Chai Chee Pork Porridge is one of those stalls that you would usually find people queuing at the market.
In fact, they are so popular that they have 2 stalls – one which they open in the day, and the other at night till late. The earlier stall becomes a preparation stall for the night stall.
The Pork Porridge was cooked until it is thick and smooth with an almost gluey texture filled with yummy minced pork and lean pork meat, topped with you tiao and spring onions. Such a bowl of happiness.
Xian Ji Porridge
57 Eng Hoon Street (Tiong Bahru), Singapore 160057
Opening Hours: 7am – 9:30am (Tues – Sun), Closed Mon
This is quite an under-rated congee stall, though it is frequently sold out early in the morning. Yes, it operates for 2.5 hours or less.
It is run by two sisters who work tirelessly, stirring the pot several hours before the opening hours to get the rice grains to a perfect smooth and creamy consistency.
A bowl ($7) with an egg (additional $1) contains chunks of fresh pork meat, minced meat balls and small intestines, generous portions of chopped vegetables (watercress), and some pepper and soy sauce.
Flavourful, full of ingredients, and extremely comforting.
Ah Chiang’s Porridge
65 Tiong Poh Road (Tiong Bahru), Singapore 160065
Tel: +65 6557 0084
Opening Hours: 6am – 11pm (Mon – Sun)
Ah Chiang’s Porridge at Tiong Bahru has been my regular favourite since the good-old days, though I must say they used to be better – say 2-3 years back when there was visibility more ingredients.
The shop is run on the principles of a healthy, hearty meal at an affordable price.
The setup is quite simple and minimalistic with the porridge shop, opening at 6am and serving simmering hot fresh porridge.
Each bowl of porridge is prepared post ordering, cooked over charcoal so be prepared to wait around 10 to 15 minutes.

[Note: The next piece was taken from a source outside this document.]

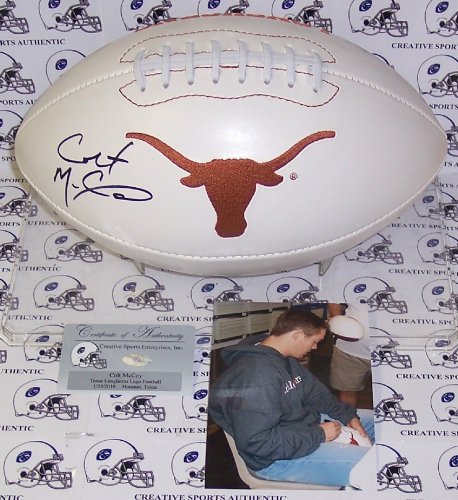 Colt McCoy Hand Signed Texas Longhorns Logo Football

The congee is essentially Cantonese style and combines other ingredients like pork, seafood, chicken, vegetables, or century egg. Usually my favourite would be the Mixed Pork Organs with Meatballs.
Or get the Mixed Pork Porridge which comes with springy, handmade pork balls, succulent sliced meat and an array of pig intestines.
While it may look simple and plain, it has a creamy consistency with fresh ingredients. Add some soy sauce, pepper and cut chilies, and you have got yourself a delightful bowl.
You can also find it within The Hainan Story at Hillion Mall and JEM.
Ri Ji Porridge
269B Queen Street, Singapore 182269 (Bugis MRT)
Phone: +65 9815 8230
Opening Hours: 7am – 7pm (Mon – Sun)
This congee stalls goes back to 1976. It was first started by Mr. Wong, and the family recipe has been passed down since then with innovations and improvements to bring its regular patrons the best-selling Cantonese porridge in the area.
The business is small and robust with the servers working tirelessly to make the most palatable and rich congee. According to Dr Leslie Tay from ieatishootipost.sg, the porridge is cooked via a steaming process.
Varieties available here include Pork Congee ($3), Fish Congee ($3.50), Cuttlefish and Peanut Congee ($3.50), and Century Egg Congee.
Although the congee looked simple, and possibly one of the ‘plainest’ I had (in this list), the consistency was smooth and slippery, and didn’t feel jelak (rich) finishing the entire bowl.
While you are here, not to be missed is also the Chee Cheong Fun ($2).